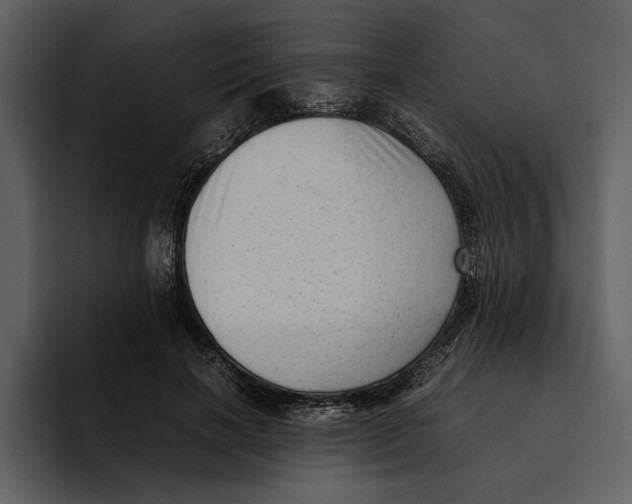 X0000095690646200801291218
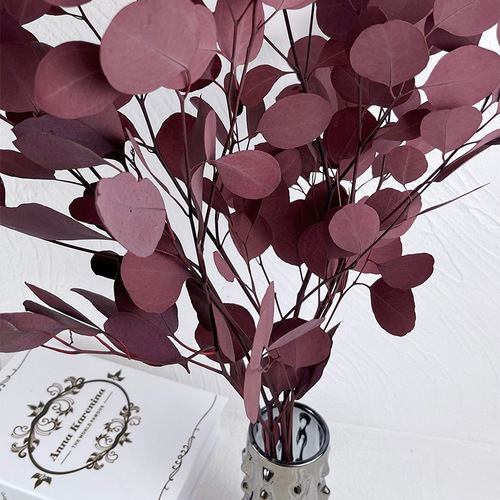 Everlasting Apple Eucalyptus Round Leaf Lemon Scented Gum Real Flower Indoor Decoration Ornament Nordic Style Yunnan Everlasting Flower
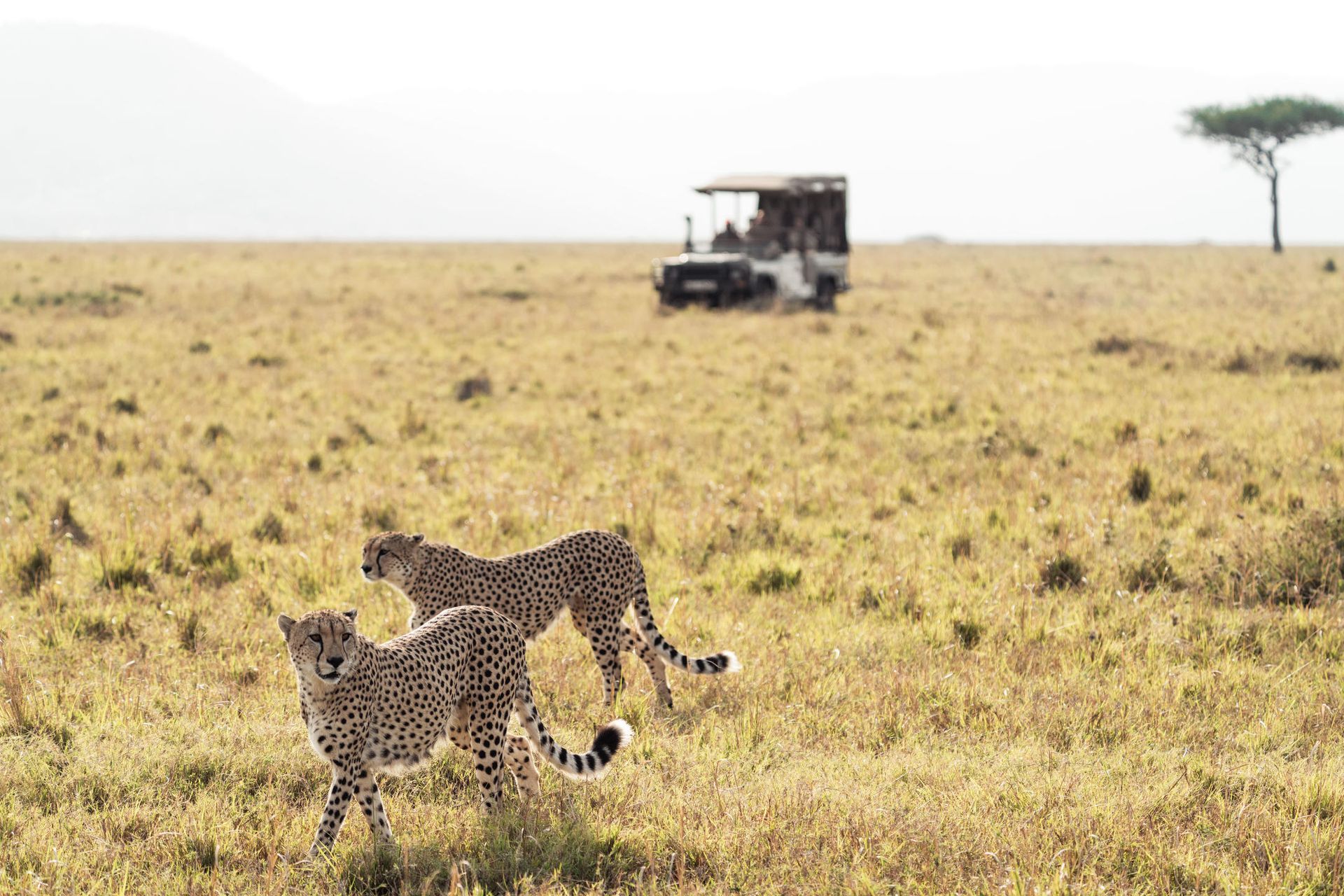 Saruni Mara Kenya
• • • • •
• **HOW TO COMPLETE THIS TASK**: Give back the material word for word and drop the pictures it holds.

• **ANSWER FOR THE TASK**:
 X0000095690646200801291218
 Everlasting Apple Eucalyptus Round Leaf Lemon Scented Gum Real Flower Indoor Decoration Ornament Nordic Style Yunnan Everlasting Flower
 Saruni Mara Kenya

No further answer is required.